I’ll admit that my mind in those days often wandered. I’d been teaching special ed for more than a decade, and the strain of taking the work home with me night after night, year after year, was beginning to take its toll. It’s no great secret that teaching is demanding and often rewarding work, but teaching special education is uniquely challenging. If you care about what you’re doing, the kids have a way of getting inside you, becoming a part of your life in ways you never imagined. You end up being much more than their teacher—you become a psychologist, social worker, doctor, foster parent, and friend. With twenty to twenty-five kids in your caseload, representing a broad spectrum of learning disabilities and social and emotional deficiencies, you learn very quickly that it’s not possible to save them all. You try, of course, but some things are out of your control, and, to be honest, some kids want no part of you or your rescue attempts. Some kids turn out well, some go bad, and that’s just the way it is. You accept it, but you don’t stop caring. When you stop caring, well . . . then it’s time to move on.

After so many years in the classroom, I recognized the telltale signs of burnout—the listlessness, the lack of enthusiasm on the eve of a new semester, the inability to focus. I was thirty-five years old and getting stale, but I wasn’t ready to change careers or ask for a new assignment—not yet, anyway. Instead, I searched sort of aimlessly for something, some way, to regain the vigor that had brought me to this line of work in the first place.

Inspiration came in the form of an article that appeared in an issue of Scope magazine, which was published by Scholastic, Inc., and distributed in classrooms throughout the United States. The story was about a program in which students were given an opportunity to attend an intensive, week-long session at the U.S. Space & Rocket Center, a 450-acre theme park, museum, and educational center located next door to the U.S. Army’s Redstone Arsenal in Huntsville, Alabama. The students, almost all of whom were labeled gifted or talented, participated in a variety of activities similar to those experienced by astronauts in training for missions on the space shuttle. The week included simulated missions and competition with other similarly bright and ambitious kids. I can’t explain what came over me, what possessed me to read this article, the clean-cut subjects of which were uniformly brilliant and well-heeled—the kinds of students destined for Harvard, Yale, or MIT—and think: Our kids would love this! Maybe it had something to do with my own childhood infatuation with space and science. Or maybe it was born out of desperation, out of a need to do something so unlikely and improbable that it would require nothing less than a complete and blind commitment. A leap of faith, so to speak.
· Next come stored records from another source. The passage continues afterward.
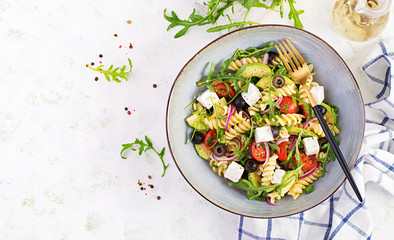 Pasta salad with tomato, avocado, black olives, red onions and cheese feta. Mediterranean cuisine. Top view, overhead, flat lay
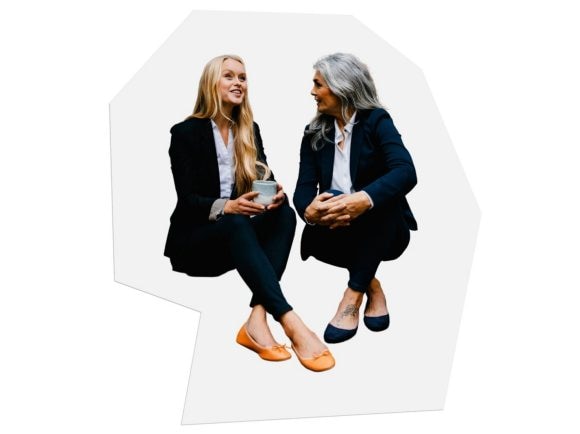 Due donne in outfit da ufficio sedute una accanto all’altra conversano.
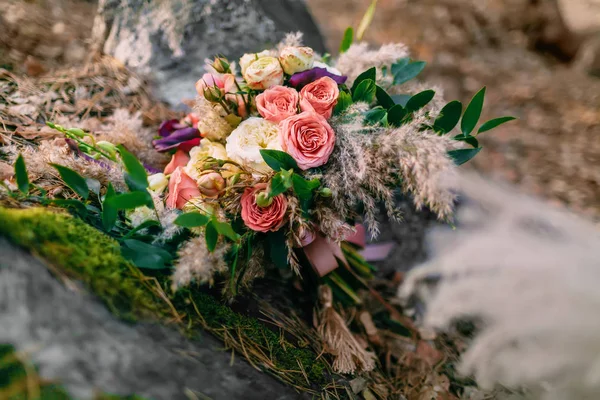 Beautiful wedding bouquet consisting of different flowers lying on a stone in the park. Autumn wedding — Stock Photo, Image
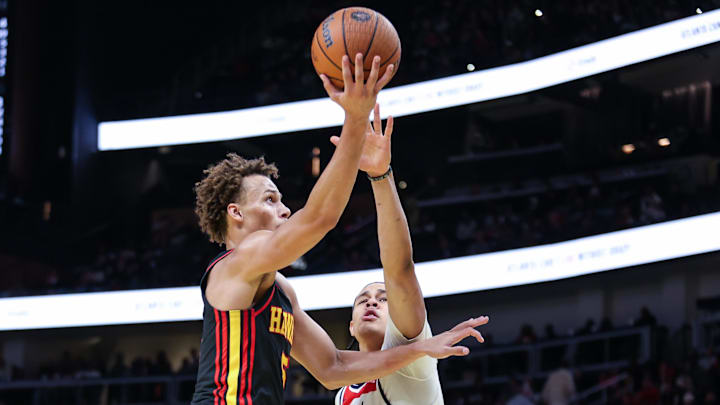 Nov 15, 2024; Atlanta, Georgia, USA; Atlanta Hawks guard Dyson Daniels (5) shoots the ball against Washington Wizards forward Kyshawn George (18) during the third quarter at State Farm Arena. Mandatory Credit: Jordan Godfree-Imagn Images Nov 15, 2024; Atlanta, Georgia, USA; Atlanta Hawks guard Dyson Daniels (5) shoots the ball against Washington Wizards forward Kyshawn George (18) during the third quarter at State Farm Arena. Mandatory Credit: Jordan Godfree-Imagn Images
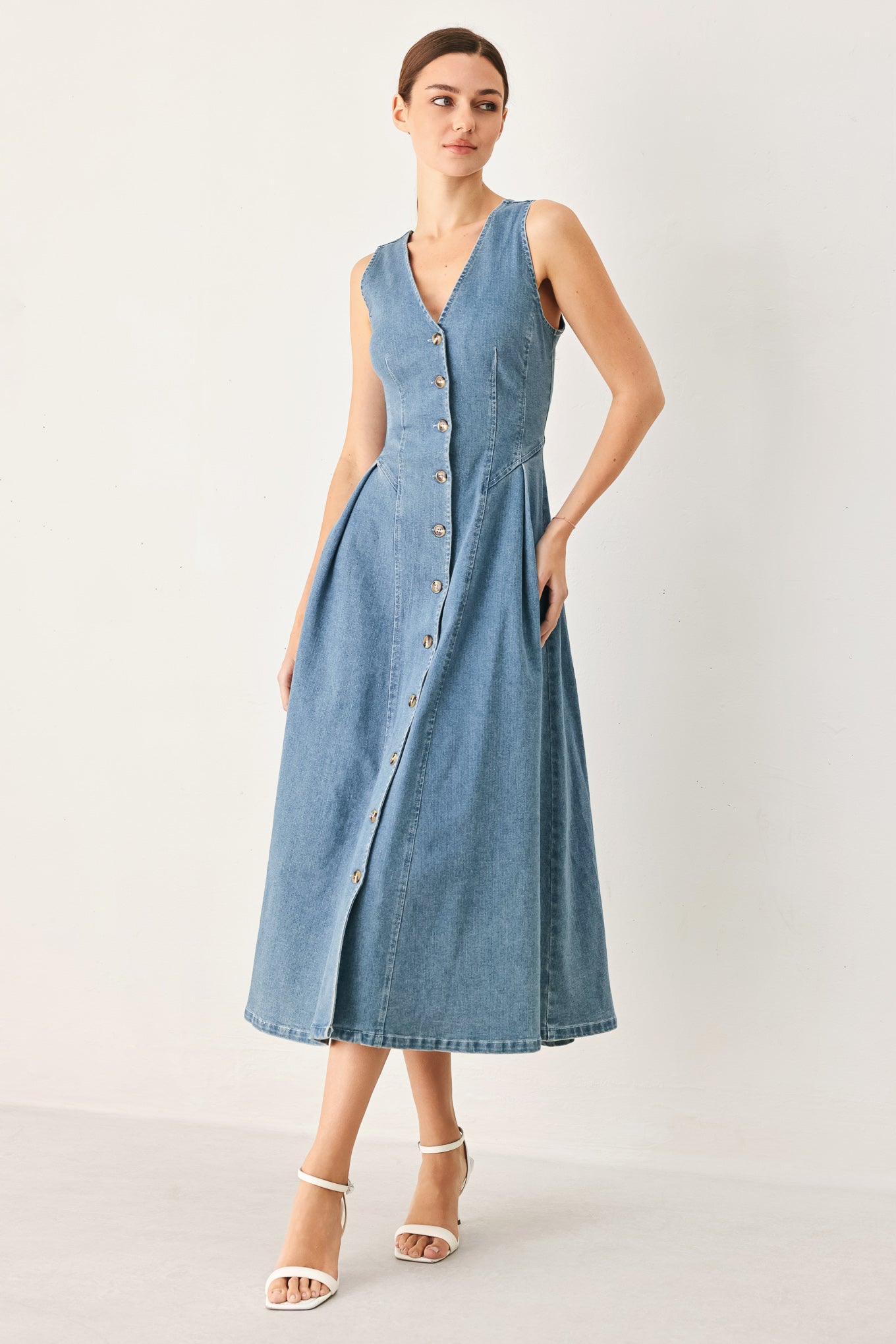 Woman wearing a blue denim dress on a white background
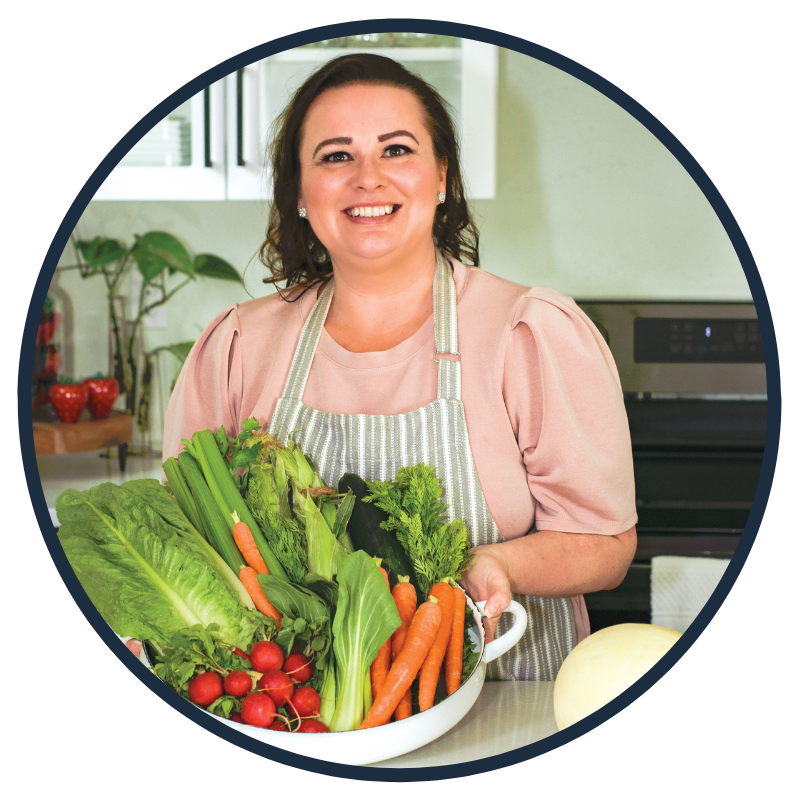 Amy in her kitchen holding a tray of fresh produce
I was reading the article a second or third time when my teaching partner, Robynn McKinney, approached my desk. Robynn and I shared a classroom in a remote part of the school, not far from the gym, but well out of the way of most traffic, and a good distance from the nerve center of the school: the main entrance and the front office. Literally and metaphorically, we worked on the fringes of the school, making the most of our own decisions and trying to do the best we could for our students, getting little feedback from our principal or other teachers, except when one of our students got into some sort of trouble. Our kids generally were not mainstreamed—other than home economics and automotive repair, the great majority of their classes were taught by Roabynn and me. She usually had the emotionally impaired students, while I had the learning disabled students, although it really didn’t matter since we split teaching duties down the middle. The room was divided by a retractable partition, and we were free to switch kids from one class to another, exchange subject matter . . . whatever we wanted. We were a self-contained classroom, all right, so much so that most of the school barely recognized our existence. Our room was like a big cell block: no windows, bad light, bad air. My first special ed job was in an inner-city school, and my room there had been little more than a closet next to the steam room. A cubicle that barely fit five people comfortably, it was a pitiful excuse for a classroom and sent a clear message to the kids who were taught there: You are worthless. The setting at Forest Hills Northern was vastly superior, but nonetheless inadequate for the function it was given. The implication, again, was that these were kids who didn’t deserve the same opportunities or consideration as the rest of the school population, and that made it less than a healthy environment in which to learn.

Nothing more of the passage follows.